Entry criteria vary, depending on the product being tested, but
generally they include the following:
- The product to be tested must be considered complete by its
developers; any exception must have explicit management approval.
This does not mean that the system as a whole must be complete, but
it does mean that any intermediate level of the system must have
complete functionality in the areas being tested.
- The written Test Specification for that product must be finished,
approved, and ready for execution.
- All supporting test data must be ready
- Both the developers and the testing people must be present, or on
call
- Computer time, if needed, must be available
- Any special resources (for example, remote equipment, temporary
living facilities at a remote site, transportation) must be ready.
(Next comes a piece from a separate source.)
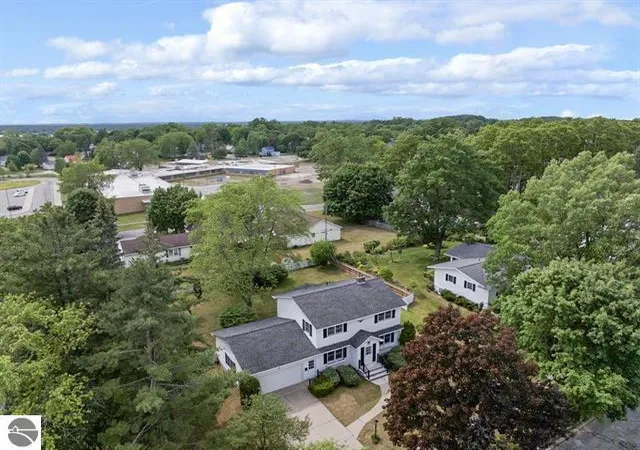Photo 4 of Single family home for sale at 424 Crestview Pl, Cadillac, MI 49601 | MLS# 72026030433 | Listing updated on 2026-06-18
We can learn some lessons about system test from past disasters.
First, no amount of luck, political acumen, or clean living will allow
you to skip system testing and get away with it. In a system of any
complexity at all, those hotshot programmers are going to make mistakes.
Second, in order to start effective system testing as early as
possible, your subsystems must be nearly independent of one another and
the interfaces between them must be clean and simple. Remember this when
you start the Design Process.
Third, don’t spread system testing geographically until you’ve
reached the point at which the system looks clean and only needs testing
against unique site conditions. These conditions may be included
modified static databases, geographic location coordinates, varying
input and output devices, and varying input loads. Remember that each
time you introduce another copy of your system into the test
environment, you’ve magnified your change management problems. Because
you must include and test every change in one version in all the others,
coordination becomes extremely difficult.